Hand-painted work continued, but there was less of it; many talented artists had to learn the computer, or give up the trade completely. Without these experienced mentors in the field, the apprentice model broke down, and the craft was all but lost.
The thousands of hours of focus and discipline required to learn the stroke patterns of various fonts, combined with low pay and tough conditions, ensured that this particular craft would never thrive again. The digital age merely hastened its demise.
To me, these skillful signwriters hold a mythical status; I’ve never understood why their incredible skill and talent weren’t valued by vinyl-converted shops and short-sighted clients.
Today, a new generation of sign artists has risen from those ashes, and we are again celebrating master sign painters, as well as their rock-star predecessors.
With this in mind, I recently set out on a quest to find examples of pre-digital hand-lettering that have somehow survived.
Strolling through urban back-alleys and off the beaten path with my trusty camera (read: phone), I looked for examples beyond the tattered billboard or faded ghost-sign variety. I wanted to find some good old mahl stick and drafting-table lettering. The kind of thing worked out beforehand with a non-repro-blue pencil and finished with a sable brush.
I eyeballed businesses that had been around for decades, churches that stood for centuries and parts of town that were deserted and crumbling.

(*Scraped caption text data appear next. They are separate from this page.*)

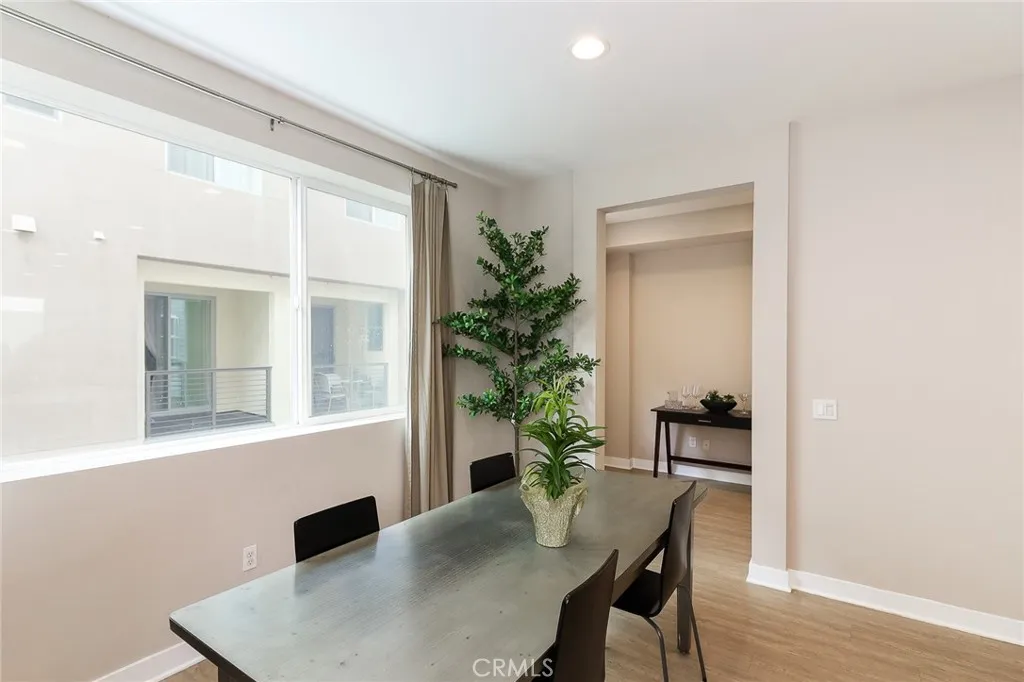 2nd floor dining room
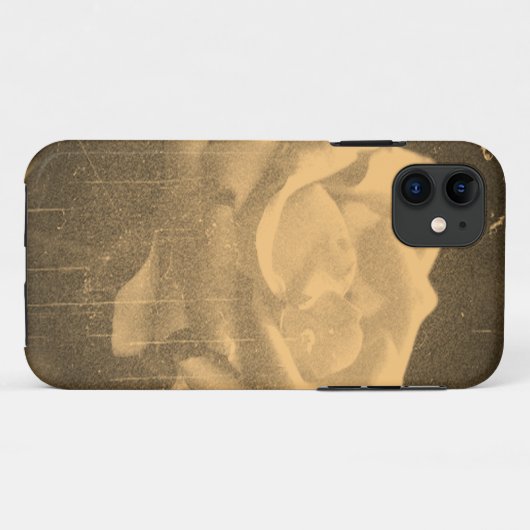 roos close-up Case-Mate iPhone case (Achterkant (horizontaal))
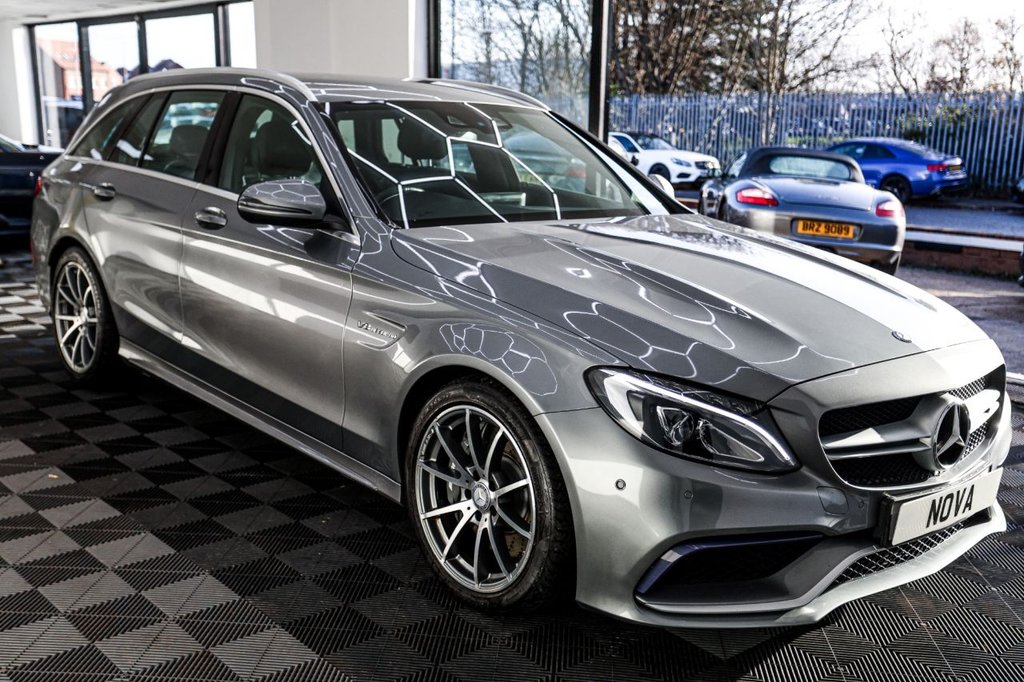 Used Mercedes-Benz C Class 2015 for sale - 76867961: Photo 9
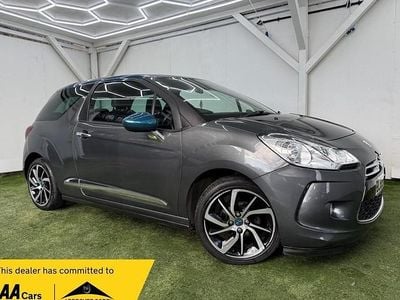 Used DS Automobiles DS3 2015 Grey Hatchback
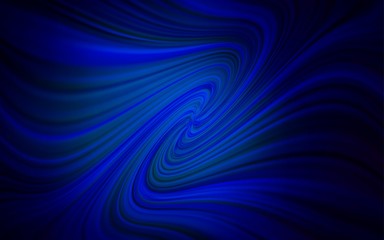 Dark BLUE vector modern elegant background. Colorful illustration in abstract style with gradient. The best blurred design for your business.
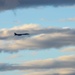 B-1B Lancer performs off-station training over Luke AFB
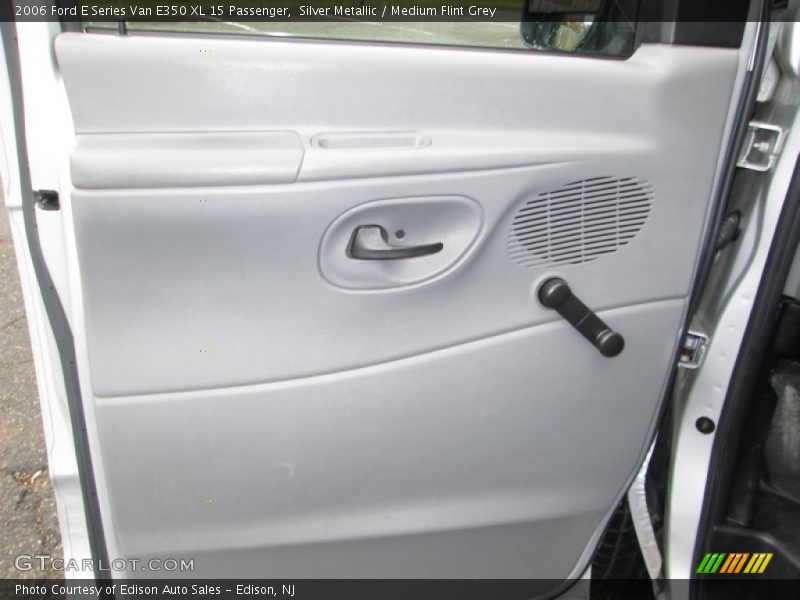Silver Metallic / Medium Flint Grey 2006 Ford E Series Van E350 XL 15 Passenger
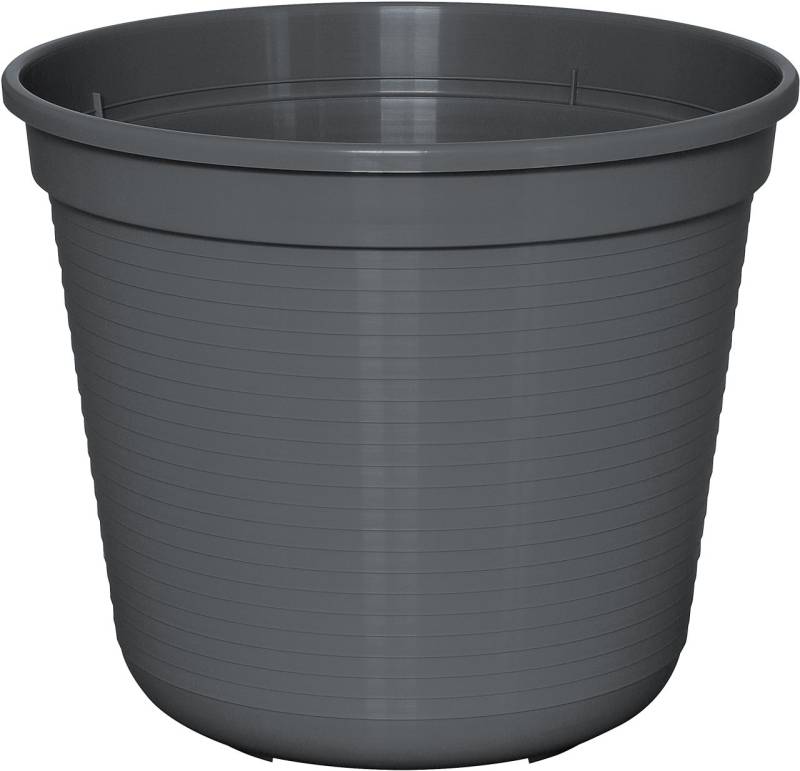 Geli Pflanztopf Standard Ø 32 x 28,5 cm anthrazit von Geli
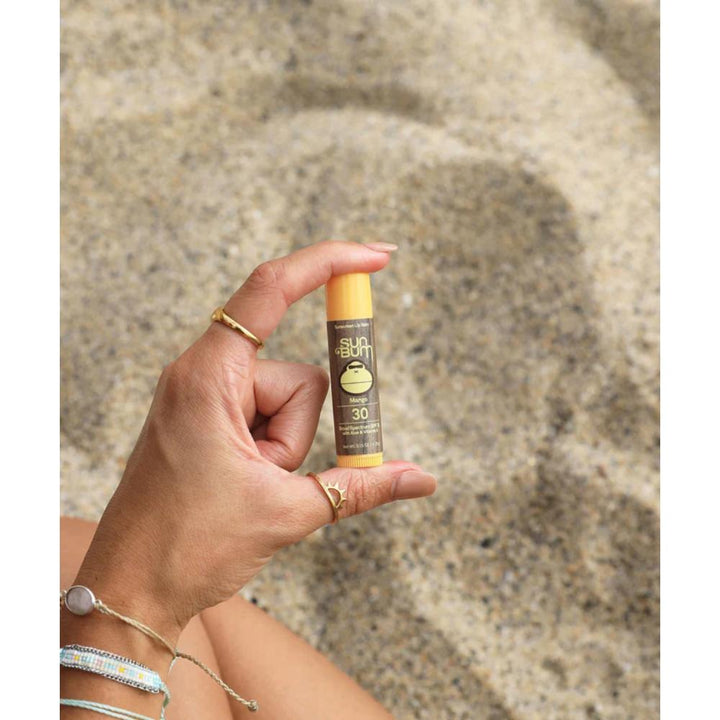 SUN BUM SPF30 SUNSCREEN LIP BALM MANGO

I found surviving examples in each of these spots. Surprisingly, a theme emerged – every pre-digital hand-lettered sign I found pertained to parking, specifically “No Parking.” That theme wasn’t the only thing the signs had in common.
To ensure readability, the signs shared a limited palette. There is a size convention that stresses the most important aspects of the message and finally, a propensity for sans-serif, all caps that endows the message with a stern “voice” (much like what is done today via texting and social media).
I wonder how many people who encounter these signs realize that they were done by hand. How many people understand that these signs were crafted by artists who, despite their skill, were unappreciated in their day?
In the end, I find it fitting that after 50-75 years of duty, these noble signs soldier on in relative anonymity, much like the artists who created them.